Activity: Please copy exactly the line containing "Interior view dominated" and every line after it, through the last line of the records below, leaving out all pictures.
============
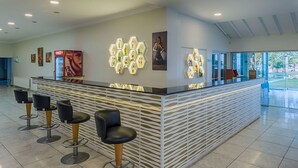 Un área de recepción moderna con mostrador, taburetes de bar y decoración mural hexagonal.
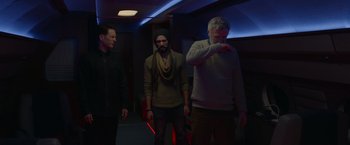 Movie still from “The Hunt” (2020), directed by Craig Zobel – A group of men standing next to each other in a room; Medium shot, Low angle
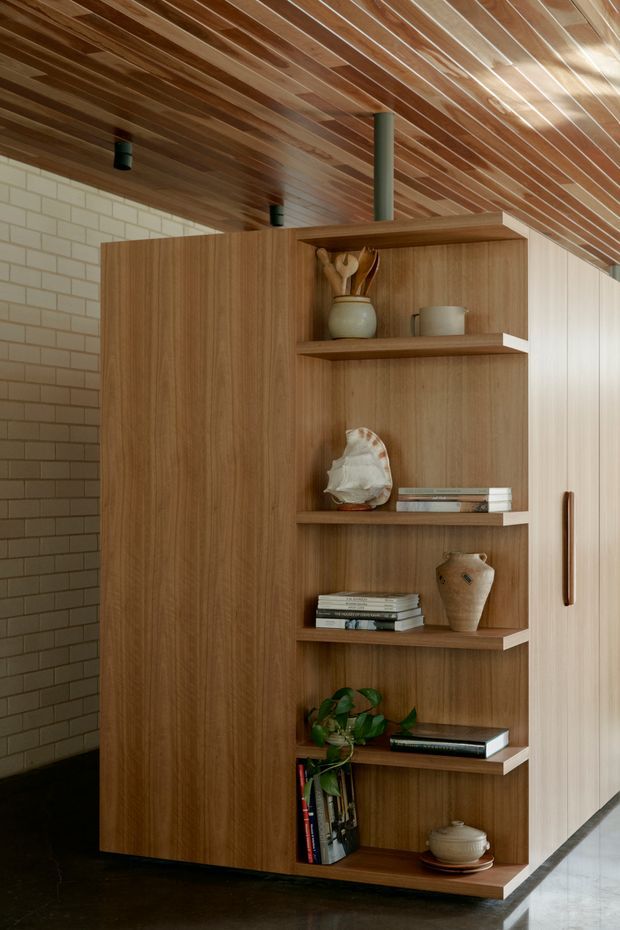 Interior view dominated by a tall, warm timber built-in storage and display unit with open shelving, concealed cabinetry, and a vertical wood handle. The joinery stands against a pale brick-tile wall and beneath a richly timber-lined ceiling with recessed black spotlights and a dark structural post. Shelves display books, ceramics, sculptural objects, and a small plant. A polished dark floor and bright adjacent circulation area are visible at the base and right edge. The composition has a refined, warm, natural contemporary character.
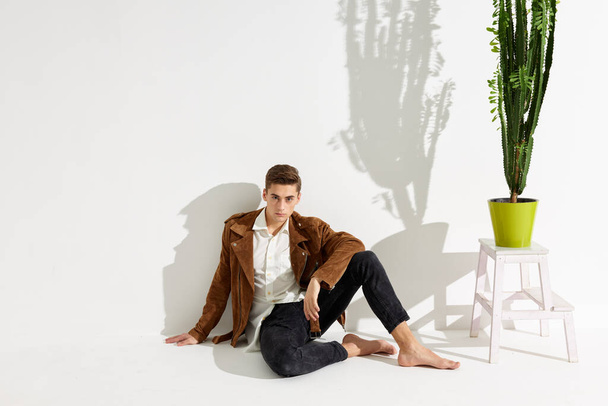 homem bonito na jaqueta marrom e calças senta-se no chão perto de uma flor em um pote - Foto, Imagem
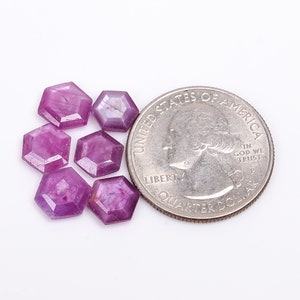 Peut inclure: Six petites pierres précieuses violettes facettées, chacune en forme d'hexagone, sont disposées en grappe. Les pierres précieuses sont à peu près de la taille d'une pièce de 25 cents américaine.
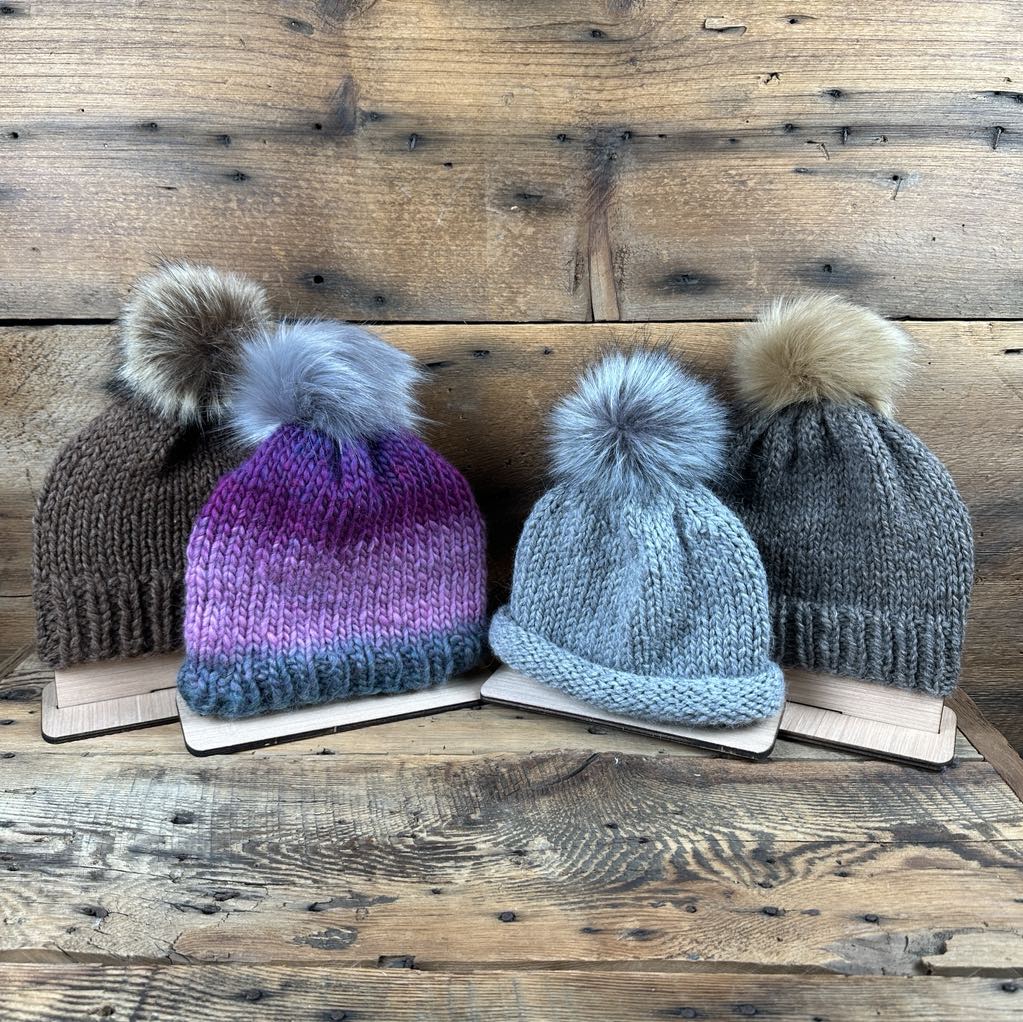 Kids&#39; Hand-Knit Pom Pom Hats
============
Written solution:
 Interior view dominated by a tall, warm timber built-in storage and display unit with open shelving, concealed cabinetry, and a vertical wood handle. The joinery stands against a pale brick-tile wall and beneath a richly timber-lined ceiling with recessed black spotlights and a dark structural post. Shelves display books, ceramics, sculptural objects, and a small plant. A polished dark floor and bright adjacent circulation area are visible at the base and right edge. The composition has a refined, warm, natural contemporary character.
 homem bonito na jaqueta marrom e calças senta-se no chão perto de uma flor em um pote - Foto, Imagem
 Peut inclure: Six petites pierres précieuses violettes facettées, chacune en forme d'hexagone, sont disposées en grappe. Les pierres précieuses sont à peu près de la taille d'une pièce de 25 cents américaine.
 Kids&#39; Hand-Knit Pom Pom Hats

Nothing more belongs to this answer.